I found out today that I have indeed been re-awarded as a Visual C++ MVP this year :) That makes five years running, and I'm really happy that I will have the chance to continue on. There is literally tons of different concepts in modern C++ that I want to start writing about again, so we will have to see what shape that can take... hopefully it can be helpful to some of you out there.

To help demonstrate how the design of a rendering framework is evolving with the new features of C++, I will be updating Hieroglyph substantially. Because of how large the changes will be, I have decided to make a clean break and create Hieroglyph 4. This decision was not made lightly, as I have put many, many hours of work into Hieroglyph 3. In fact, I first posted Hieroglyph 3 on Codeplex back in February of 2010, and it had already been in development for months before that.

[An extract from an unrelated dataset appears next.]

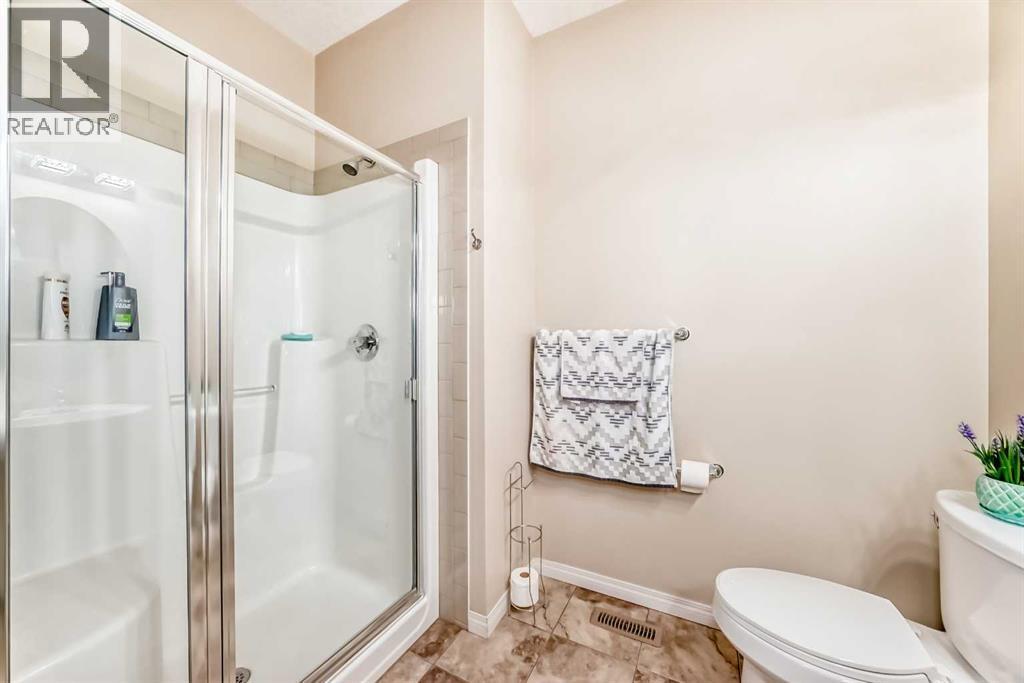 71 Martha'S Meadow Close Ne, Calgary, AB - Indoor Photo Showing Bathroom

As a result of our book, as well as lots of posts here on GameDev.net, there is actually a fairly substantial user base for Hieroglyph 3 (including my own use at my day job).

Due to that user base, I think it is prudent to take the next step and create the next version of the engine. This will let existing users of Hieroglyph 3 continue on without too much disruption, and then at some point down the road I will eventually have Hieroglyph 4 in a production ready state. This will also let me be more aggressive in my design changes, so I think it will be good for both cases. I will continue to apply the updates to Hieroglyph 3 when they make sense and don't significantly alter the API surface. That should keep HG3 from getting stale and allow me to maintain a before and after example set - that's the plan anyways :)

It always amazes me how much you learn over the course of a couple years. Since I wrote Hieroglyph 3, I have become much more knowledgeable about software engineering, software design, and I have also become much more aware of the importance of documentation and testing within the software realm. Hopefully I can apply all of this to the new engine going forward.

Anyways, I hope this will be the beginning of another long run, so stay tuned for more renderer design discussions!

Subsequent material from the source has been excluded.